• _REQUIRED WORK_: Copy the data below exactly, omitting any picture it contains.

• _SUPPLIED MATERIAL_:
----

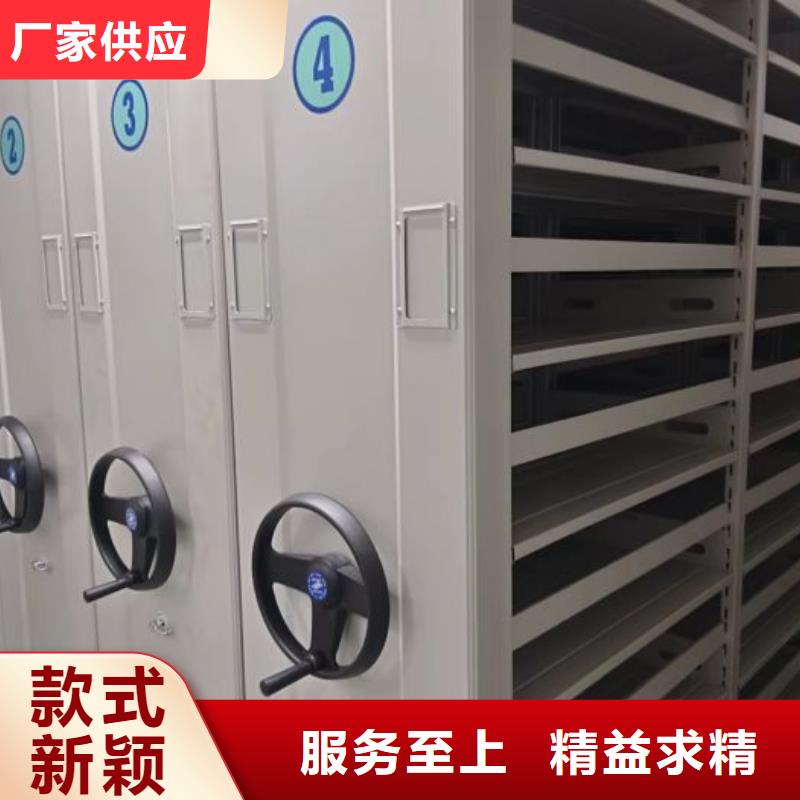 比较便宜【泽信】陵水县半封闭密集架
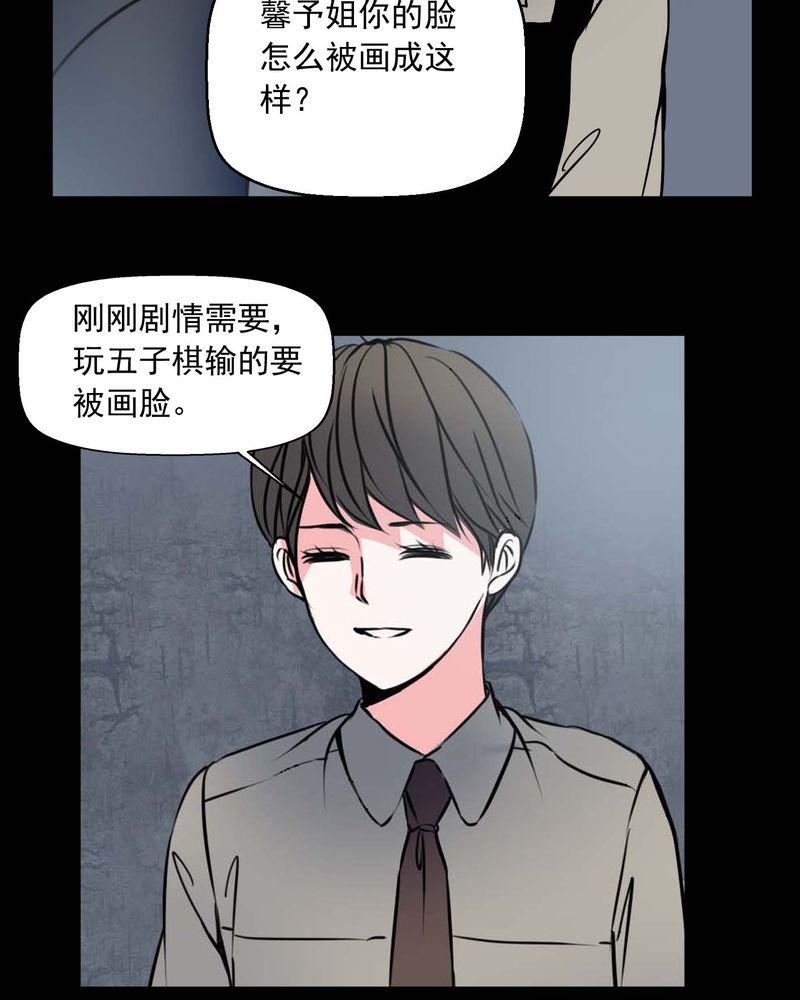 女巫重生记漫画,第74章：作家3图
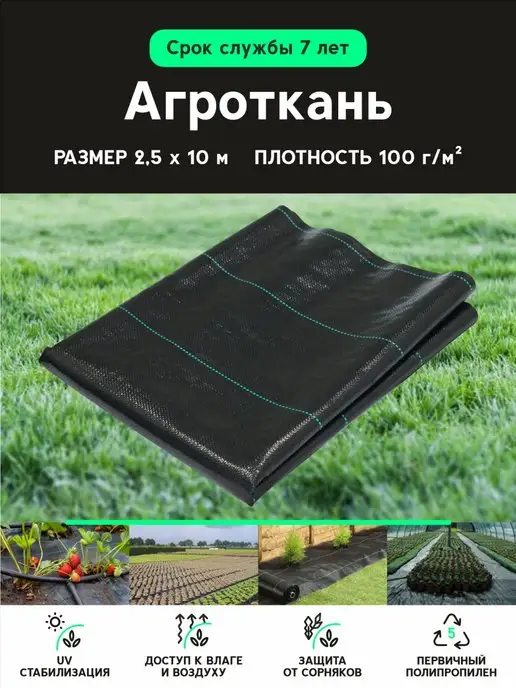 КРОН ГРУПП Укрывной материал агроткань от сорняков, черный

----

• _TASK RESULT_:
 比较便宜【泽信】陵水县半封闭密集架
 女巫重生记漫画,第74章：作家3图
 КРОН ГРУПП Укрывной материал агроткань от сорняков, черный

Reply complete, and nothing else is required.